Since I was little, I have thrilled at reading food-related passages in novels. In one passage I read, a dish was described so vividly, I felt compelled to re-create it in my own kitchen. It said: “Ruchama . . . fried onions and sprinkled garlic cloves . . . seasoned it with spicy green pepper and coriander seeds and squeezed a lemon and placed a pile of beet leaves . . . in the middle, and within seconds the green pile sunk into the pot and became an aromatic green sauce, into which Ruchama chopped cubes of sheep’s milk cheese and broke three eggs and dripped olive oil.” As I read and my mouth watered, I realized that Ruchama is essentially making a tomato-free version of the North African poached egg dish, shakshuka. Riffing off the “recipe,” I experimented with a spinach shakshuka and, like Ruchama, ended up mopping it up with pita “with great pleasure.”
- Cooking and Prep: 30 m
- Serves: 2
Prepare the Shakshuka
Heat the olive oil in a large pan set over medium heat. Add the onion and jalapeño and cook, stirring occasionally, until softened, six to eight minutes. Add the garlic, coriander, cinnamon, and salt and cook, stirring, until fragrant, one to two minutes.

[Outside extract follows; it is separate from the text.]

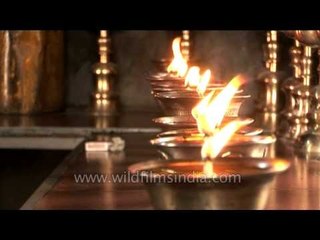 Burning oil lamps in a gompa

Add the spinach and lemon juice to the pan, turn the heat to low, cover, and cook, tossing occasionally with tongs, until the spinach is very soft, seven to 10 minutes. (If the spinach does not fit all at once in the pan, add a little at a time, adding more as the spinach in the pan wilts.) Uncover and evenly spread the mixture across the bottom of the pan. Use the back of the spoon to make four to six shallow indentations in the surface of the greens mixture to hold the eggs while they cook.
Break the eggs into small cups and gently slide them into the indentations. Raise the heat to medium, cover the pan, and cook until the whites are set but the yolks are still a bit runny, four to five minutes. Remove the pan from the heat. Drizzle a little more olive oil on top and sprinkle with pepper, feta, and cilantro. Serve hot, directly from the pan.